Seeking Safety under Uncertainty


  • Series
    Research Master Defense
  • Speaker
    Xinyi Wang
  • Location
    Online
  • Date and time

    August 26, 2021
    12:00 - 13:00

This paper studies how a potential shock to the demand for safety or liquidity may affect investors’ portfolio choices and consequently affect the aggregate expected output of the economy. Besides a traditional liquidity shock imposed on investors’ overall consumption pattern, a safe liquidity shock is adopted in this paper such that investors who are hit by the shock need to satisfy a proportion of their minimum safety needs S in an earlier date before personal assets yield final returns. The aggregate expected output in this paper is measured by aggregating the total consumption of all investors over two periods. This paper applies a utility function that reflects investors’ absolute demand for safety.

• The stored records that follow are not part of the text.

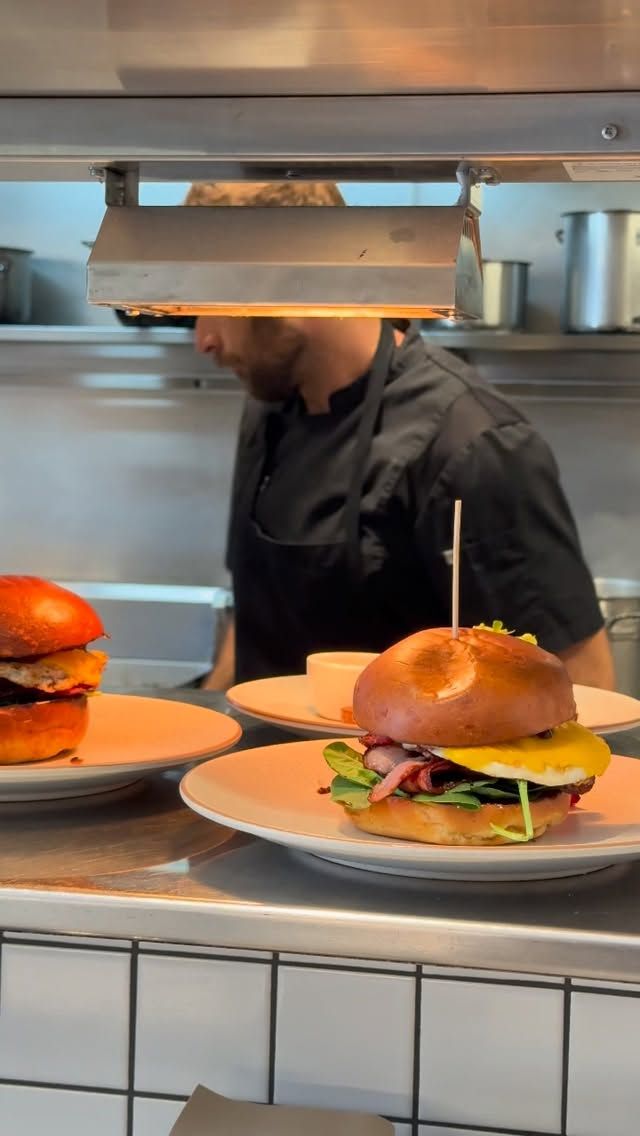 Stable cheeseburgers coming off the pass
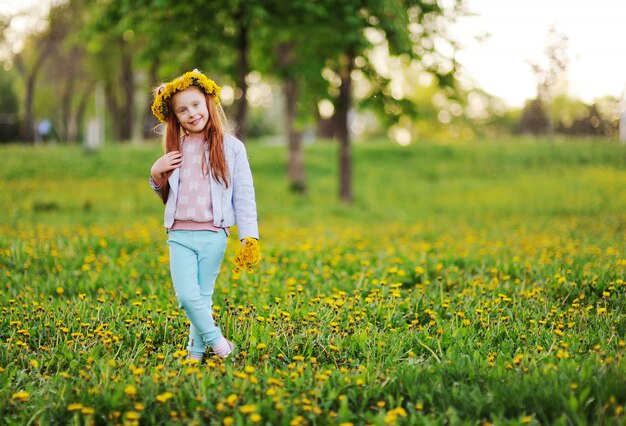 Une petite fille aux cheveux rouges sourit contre un champ de pissenlits et d’herbe verte.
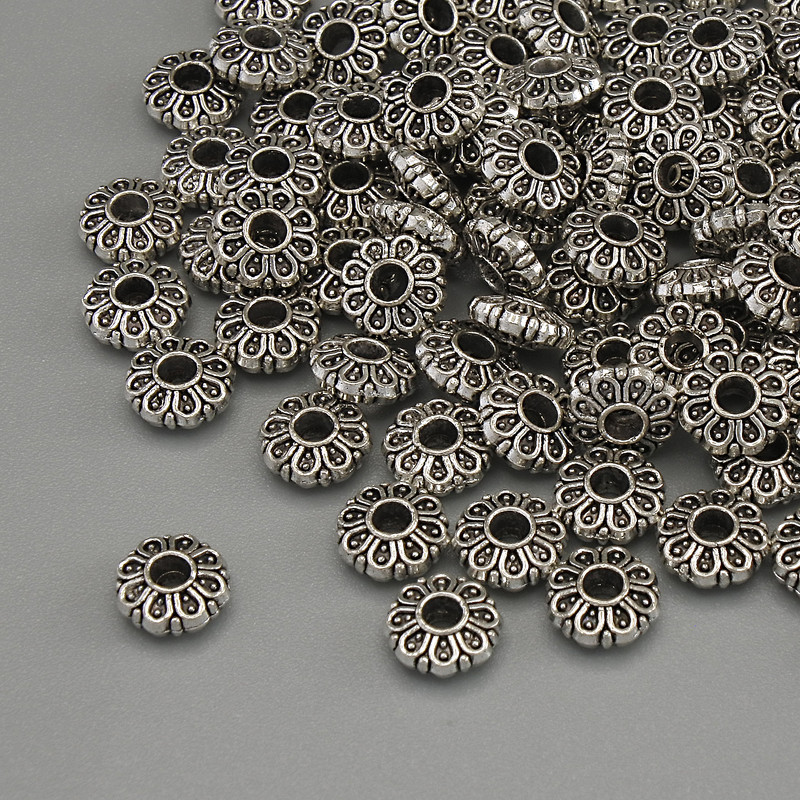 Findings Bead Spacer, silver metal colour, diameter 6x2.5mm +/-, hole diameter 2mm +/-, packaging 20g (~94 pcs)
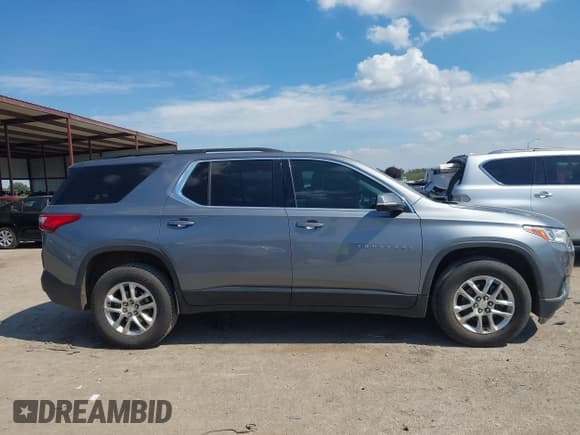 ✅ 2019 Chevrolet Traverse LT Cloth • VIN: 1GNERGKW2KJ258790 • Lot: 43320708. Wystawiony na IAAI z przebiegiem 123 720 mil. Bezpłatny archiwum sprzedaży aukcyjnych z USA i szczegółowy raport historii pojazdu na DreamBid. Zdjęcie 13.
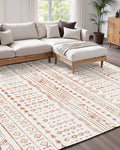 Beige large area rug with orange geometric tribal pattern on a flat woven surface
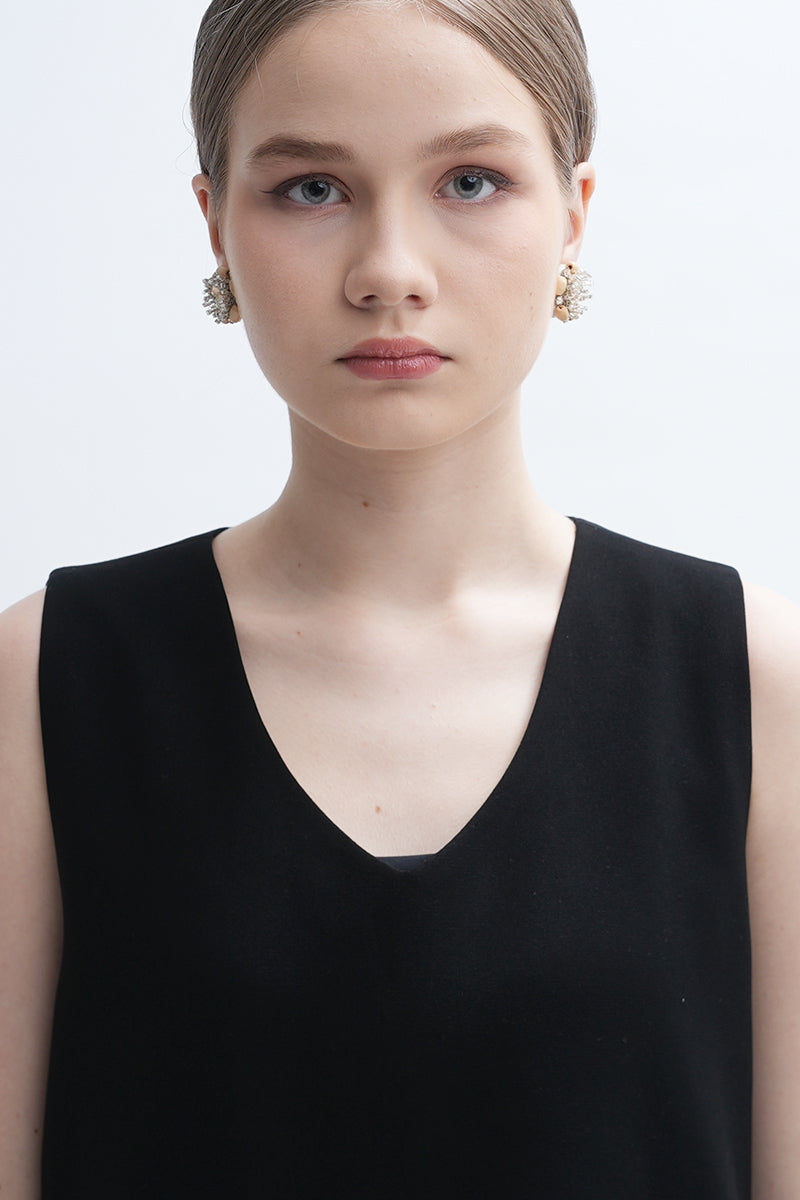 Aidan & Ice Sand Cascade Earrings featuring layered gold-toned chains and sand-colored beads on silver hooks.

Instead of securing safety by investing in public debt provided by the government or investing in private safe assets provided by the financial intermediaries, investors in this constructed economy can only achieve absolute safety by investing in personal assets that generate a safer return under investors’ own control. Assets that provide personal safety cannot be pledged or transferred; thus, no security can be privately issued, backed by returns from personal assets. The model suggests that shocks to the demand for safety and liquidity affect the aggregate expected output of the economy differently by moving investors’ portfolios in different directions. Both shocks have adverse effects on the aggregate expected output with a different magnitude, depending on a set of factors that affect personal and risky assets’ yields to maturity and their liquidation costs. In comparison, a higher probability of safe liquidity shock leads to higher productive investments that may be liquidated early. When risky investments are far more productive than personal assets, a safety shock causes a larger reduction in the aggregate expected output. Without a subsistence need, investors would invest all endowments in risky and productive assets. A basic safety demand always induces some investment in less productive personal assets to secure a minimum return.